Maybe I’d publish a whole book of poems. Check. Maybe
another prize? Check. Maybe the biggest prize? Check. But there’s more How
about a whole new genre?! Why not write for children? Of course, I’d be
satisfied with ONE picture book, right? That’s the new gold standard. Then I’d
let my surf board glide into shore. But wait! There’s the Olympics.
That’s why, in some small way, I can relate to the
athletics on my television screen. I, too, have set goals, I’ve mastered techniques.
I’ve trained with the best. In her
article “Train like an Olympian [http://sportsmedicine.about.com/od/sampleworkouts/ss/OlympicTraining_10.htm],”

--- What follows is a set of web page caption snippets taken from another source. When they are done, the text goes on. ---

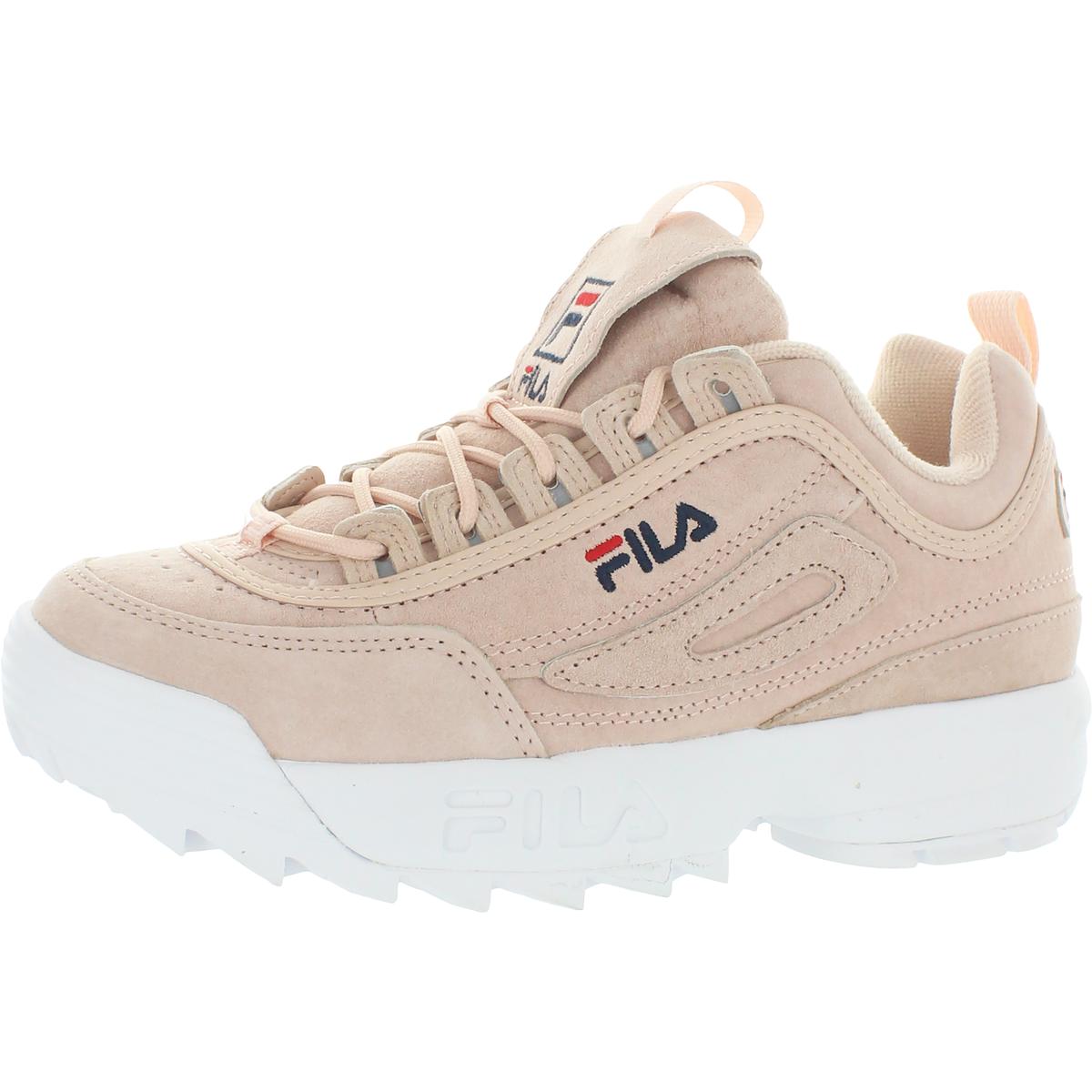 fila disruptor platform height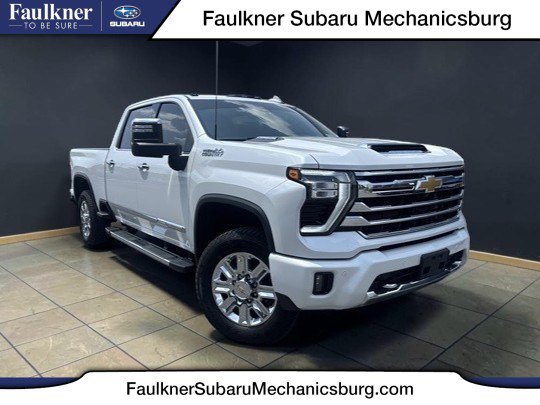 Used 2024 Chevrolet Silverado 2500 High Country w/ High Country Premium Package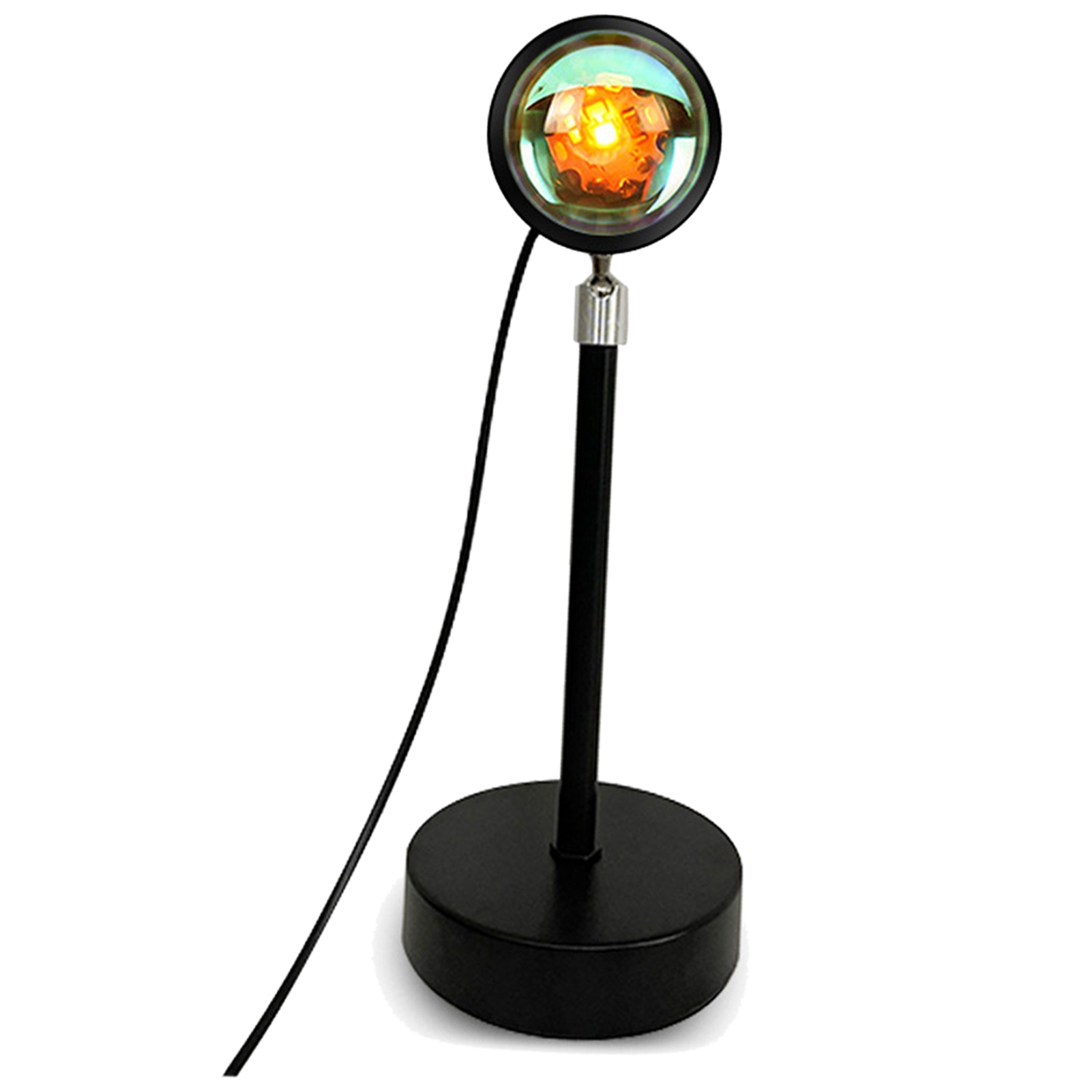 Ambient-projektorlampe Mit 16 Farben, Um 180° Drehbarer Rgb-projektor Mit Fernbedienung Fürs Schlafzimmer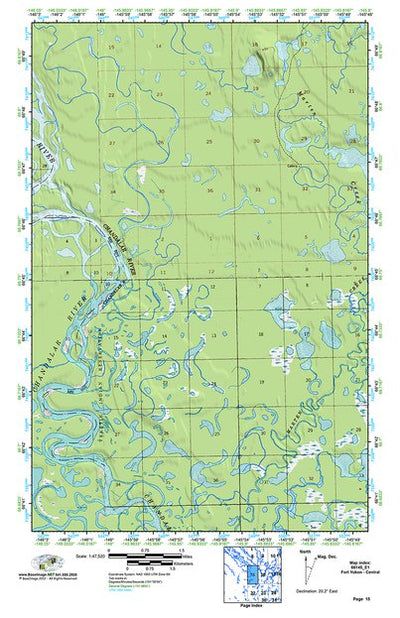 (66145e1) Page 015 Fort Yukon - Central Preview 1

Elizabeth Quinn discusses strategies for Olympian success. And as writers, we
can apply these to our work. One of the
hardest strategies for me is the one Quinn calls “Rest and Recover the Right
Way.” This is the stepping back period. I would add Reflection
to this category, or a time to be grateful—to reflection all the successes,
small, large, and nothing short of miraculous, along the way.
Recently I
reminded a friend of mine of this. He has authored and illustrated over 40
books in his career. When he received an unfavorable review of his latest book,
he was in a funk. To be so close to touching that wall, touching that medal,
and then to have it yanked away was devastating. But that’s when we have to ask
ourselves: are all those ribbons and trophies and medals on the wall the real
goal? Can they ever stack up to lives touched, hearts changed and, in the case
of authors, those first readers who dared to put fingers to our pages and read our
words out loud? I don’t think so. To me,
this is the Olympic-sized goal worthy of pursuit, even if NBC never captures it
on tv.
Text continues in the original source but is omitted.